Mountains and Valleys of Luzon, Philippines
Luzon is the largest and most economically and politically important island in the Philippines and one of the three island groups in the country. As an island group, it includes the island of Luzon itself, plus the Batanes and Babuyan groups of islands to the north, and the main and outlying islands of Catanduanes, Marinduque, Masbate, Romblon, and Mindoro in the south.
Luzon’s area is 104,688 square kilometers, making it the world’s 15th largest island. It is the fifth most populous island in the world. Located on Luzon are the country’s capital, Manila, and its most populous city, Quezon City.
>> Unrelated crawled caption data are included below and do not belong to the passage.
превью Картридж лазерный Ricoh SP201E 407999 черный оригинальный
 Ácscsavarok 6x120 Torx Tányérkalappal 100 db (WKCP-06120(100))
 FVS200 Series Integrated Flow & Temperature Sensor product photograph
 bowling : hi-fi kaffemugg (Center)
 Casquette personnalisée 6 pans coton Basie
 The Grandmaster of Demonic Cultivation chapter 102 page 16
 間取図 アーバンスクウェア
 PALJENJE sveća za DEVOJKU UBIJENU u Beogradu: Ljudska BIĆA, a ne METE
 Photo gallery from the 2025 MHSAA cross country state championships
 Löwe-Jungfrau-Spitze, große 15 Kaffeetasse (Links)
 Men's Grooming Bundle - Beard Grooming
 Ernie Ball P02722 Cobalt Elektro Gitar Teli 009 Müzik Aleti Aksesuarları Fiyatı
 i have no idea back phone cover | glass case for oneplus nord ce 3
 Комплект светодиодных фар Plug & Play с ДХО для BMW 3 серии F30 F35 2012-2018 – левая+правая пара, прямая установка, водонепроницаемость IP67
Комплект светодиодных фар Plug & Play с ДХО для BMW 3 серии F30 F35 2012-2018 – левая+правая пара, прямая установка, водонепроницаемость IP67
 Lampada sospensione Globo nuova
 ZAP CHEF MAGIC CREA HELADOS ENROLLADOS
To the west of Luzon island is the South China Sea (Luzon Sea in Philippine territorial waters), to the east is the Philippine Sea, and to the north is Luzon Strait containing Babuyan Channel and Balintang Channel.
The main part of the island is roughly rectangular in shape and has the long Bicol Peninsula protruding to the southeast. The northern part of the island contains the largest mountain range in the country, the Cordillera Central, where Mount Pulag, the second highest mountain in the country at 2,922 meters, is located.
To the east of the Cordillera Central is the large Cagayan Valley. To the east of the valley rises the Sierra Madre mountain range, easily the longest range in the country, which snakes southwards into the central and southern part of the island. Between it and the Zambales Mountains to the west is the largest plain, the Central Luzon plain. This plain, approximately 11,000 km² in size, is the country’s largest producer of rice.
The largest lake in the country, and also the largest inland lake in Southeast Asia, the Laguna de Bay (Old Spanish, Lake of Bay town). Its size and green waters make it easily identifiable towards the southern part of the island.